Market – Who do we sell to?

Market defines the scope of a company’s potential customer base ensuring the products and services we produce meet the needs of a concise group. It systematically narrows down from the Total Addressable Market (TAM) to a set of Target Segments that we will focus on for a given period, typically annually.   When there is a single target segment we think of that as an Ideal Customer Profile (ICP) - the most valuable and winnable customers.  When you have multiple different areas of the market where you think you can win we refer to those as Target Segments.   This structured approach ensures that growth strategies are data-driven, resource allocation is efficient, and go-to-market efforts are concentrated on the highest-value opportunities, maximizing the company’s ability to scale effectively.

For B2B companies the definition of markets or market segments is provide via a few, basic firmographic details:

  • Industry - The industry or industries the prospective customers operate in
  • Size - The size in terms of employee count of the prospective customers
  • Geography - The countries, states or territories or areas the prospective customer operates in or is headquartered in
  • Technographic - The technologies the company has deployed that indicate that may be a good fit for our solution.

Target Segments or Ideal Customer Profile

On a day-to-day basis our primary focus is going to be on Target Segments or, in the singular, The Ideal Customer Profile (ICP).   These define areas of the market that our company is currently targeting who are likely to benefit the most from our product or service and are most likely to purchase it.  We recommend reviewing and updating Target Segments on an annual basis.  More frequently and you typically won't have long enough to "see" if the segment is well defined.   Less frequently and you're likely to be "off" market.

Your list of Target Segments must STRONGLY govern marketing and sales efforts.   If a marketing campaign is focused on a segment outside of a Target Segment, by definition, it's targeted at a group that's not the most likely to convert.  Accordingly: it is a waste of resources.   If a sales reps is targeting prospects outside of Target Segments they're making two mistakes.  First, their operating without marketing support.  Second, their spending time on customers we've deemed unlikely to buy.  Use Target Segments and ICP to stay focused on customers that matter the most. Use it to draw a clear boundary dividing accounts that make sense from accounts that are a distraction.

Note: As you grow you’ll move from a single ICP to multiple target customers segments with the potential for different selling and servicing motion in these segments.   To keep things simple just think of “segmentation” as the process of going from one ICP you serve to more than one.

Market Development Process

  1. Research and Data Gathering: Analyze your current customer base and market. Identify common attributes of your best customers (the ones who get the most value from your solution and are most profitable). Group customers by characteristics like industry, size, geography and technology use and separately use case, or pain points. Supplement this with market research on which segment has the greatest need and market opportunity for your solution.
  2. Validate: Validate the ICP by reviewing it with the sales/CS team and perhaps talking to a few customers. Once confirmed, use it to focus marketing campaigns and sales outreach. Update internal training so that everyone from product to customer success knows who the primary target is. Revisit the ICP periodically as the market or product evolves.

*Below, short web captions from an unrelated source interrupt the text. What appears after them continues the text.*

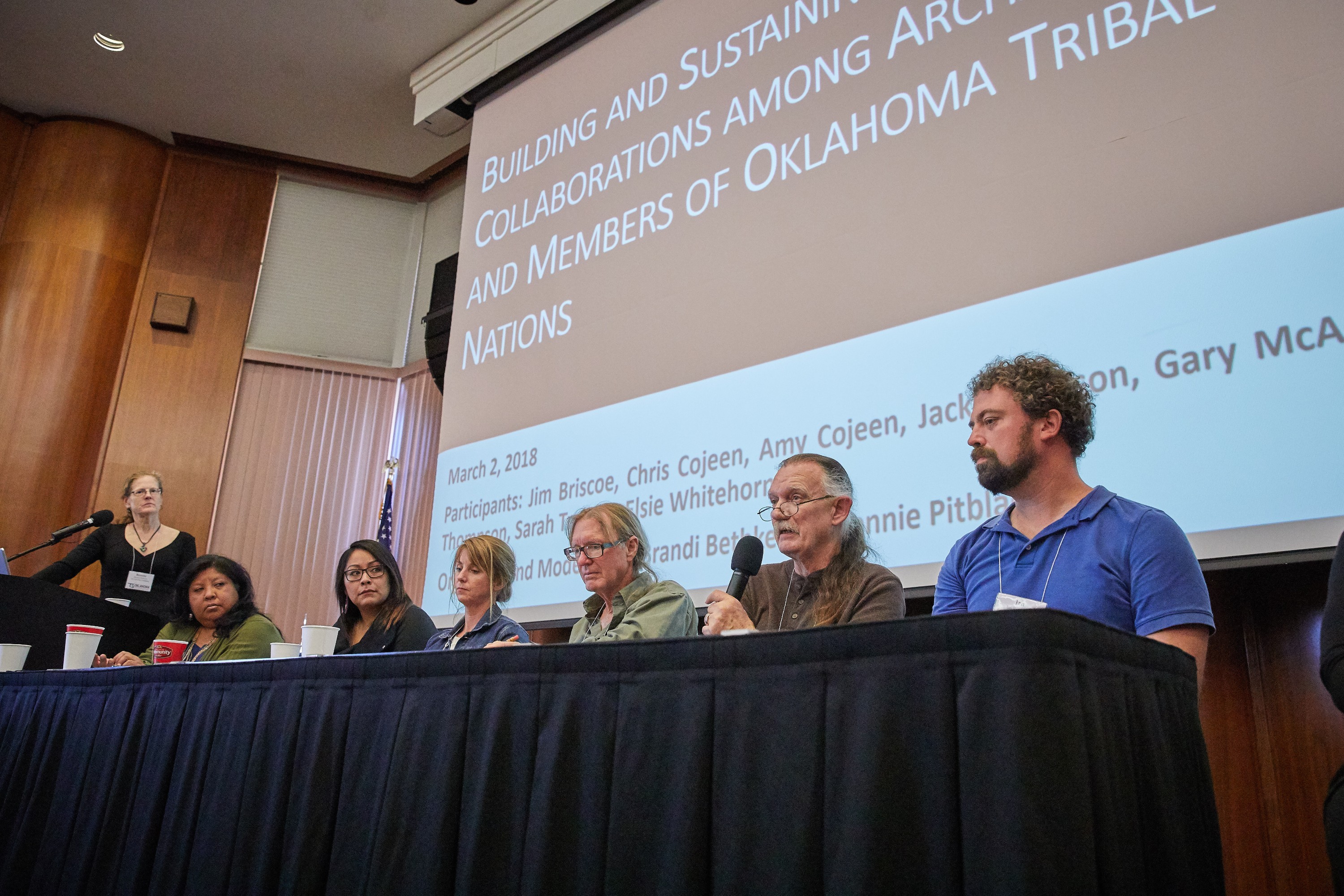 Representatives of Oklahoma's archaeological community participate in the first collaboration forum in 2018.
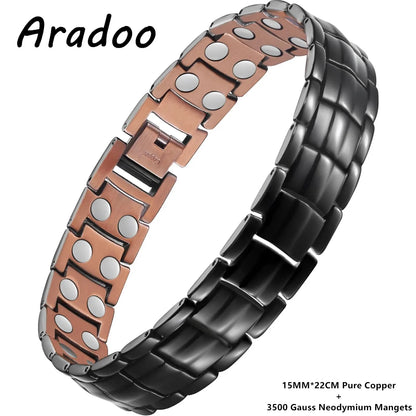 ARADOO Premium Copper Bracelet for Men with Strength 5000 Gauss Magnets Titanium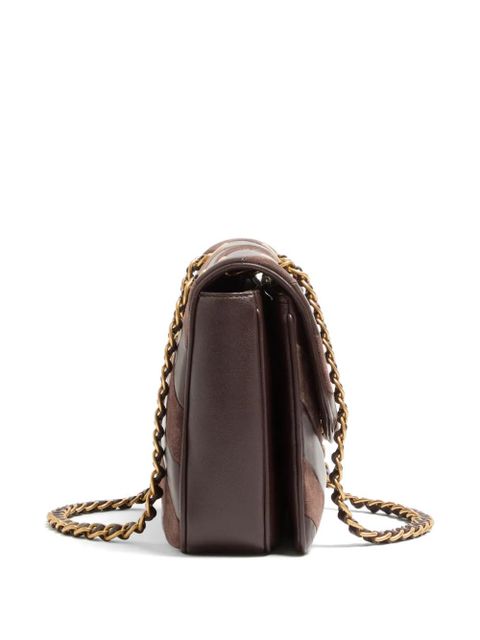 Valentino Garavani Djuna medium chain bag in suede and nappa with chevron pattern - Brown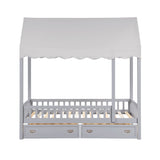 Sloane Gray Twin Canopy Platform Bed - Ornate Home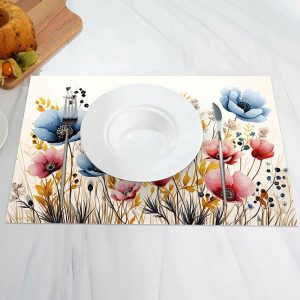 Red Blue Floral Yellow Leaves Set Of 4 Placemats - Aperturee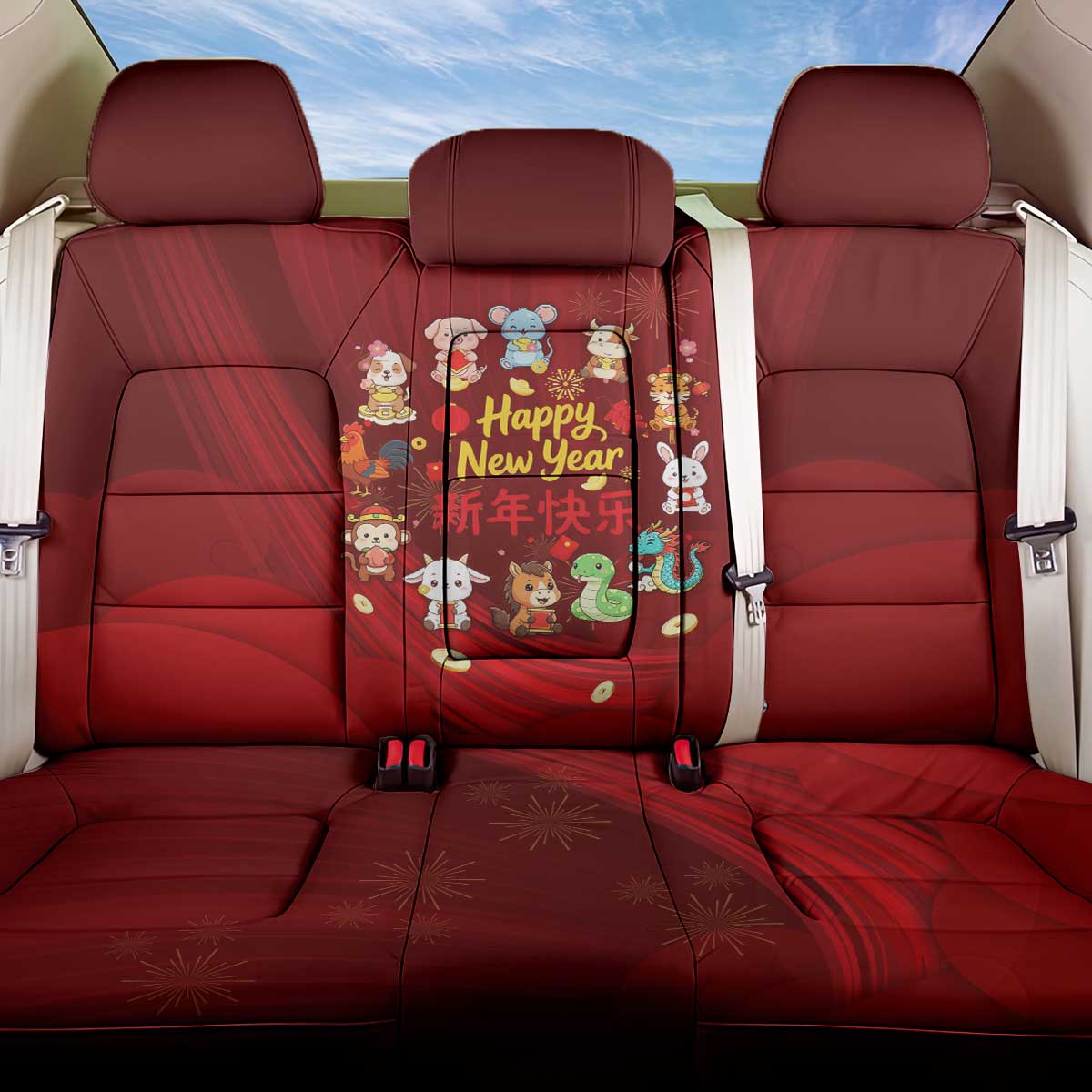 Chinese Zodiac Happy New Year Back Car Seat Cover Festive Cartoon Illustration Style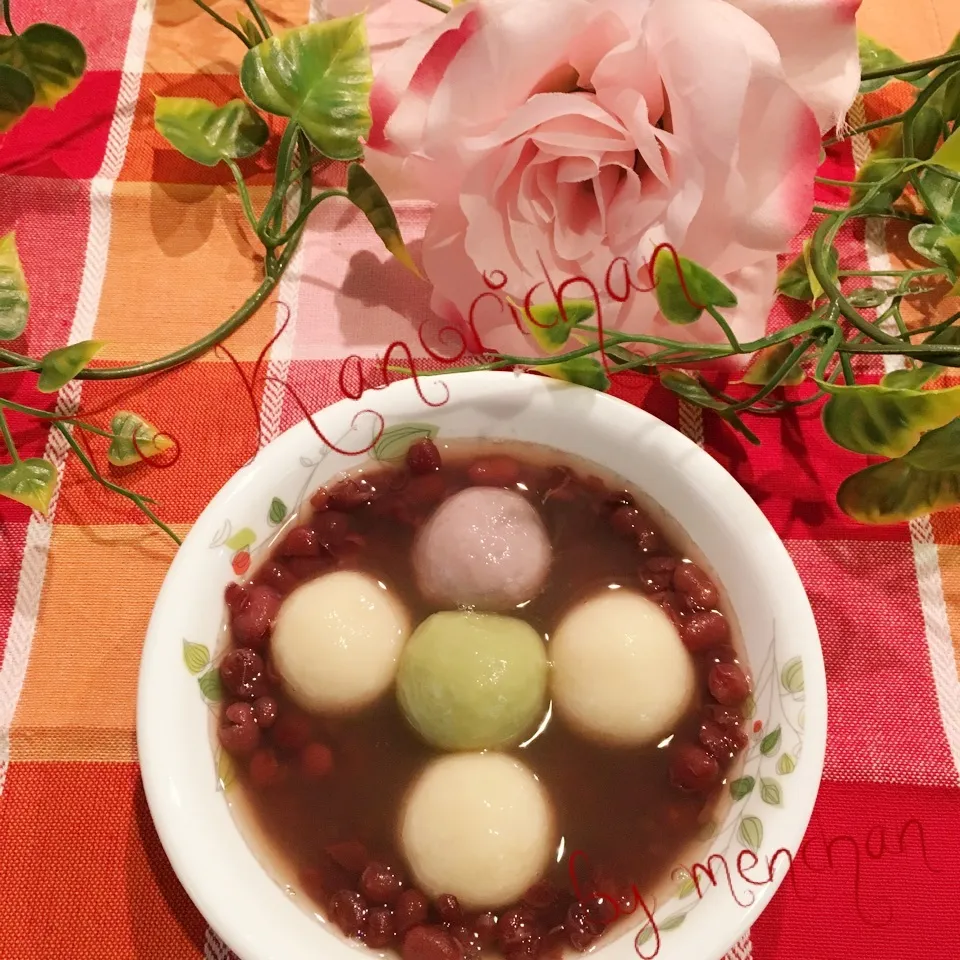 紫芋と抹茶の豆腐白玉ぜんざいでお祝い♡|めんちゃんさん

But What About TAM and SAM?

First some quick definitions:

  • Total Addressable Market (TAM) represents the entire pool of potential customers who could theoretically benefit from your product or service if a company were able to achieve 100% market share. For B2B companies, this is generally defined by the set of relevant industries and company sizes for your solution with a global geographic size. For consumer-facing offerings, it may encompass broader demographic and psychographic categories. The TAM is not necessarily the market a business will serve right away but serves as an overarching view of the maximum market potential.
  • Service Addressable Market (SAM) is a more focused portion of the Total Addressable Market that a company can realistically capture with its current resources, capabilities, and distribution channels. While the TAM is a theoretical maximum, the SAM narrows down who the company can actually serve given practical considerations like technology infrastructure, geographical reach, and alignment between product features and market needs.

There's also about twenty different variations on those and slices of different market definitions.  The only thing that I care about here is that your TAM needs to be at least 100x larger than your target segments and preferably more like 1000x.   That means two things:

  1. Our potential is large - If the company is successful it can keep growing organically in its current market for a long period of time.
  2. Our current focus is narrow - We're focusing on a narrow enough set of target segments that we have a potential to actual stand out for competing solutions and gain traction.

Outside of that, sure, a large TAM is a requirement for investment.   And, yes, you need a slide in your investor deck to validate that the market, as a whole, is big enough to support a large company.  That noted if you've spent the time and down the research to create an amazing product and reason for purchase (and therefor change) in you target segments you'll probably be able to scale that out.   Conversely if you haven't created that reason in a small market you'll never do it in a larger one.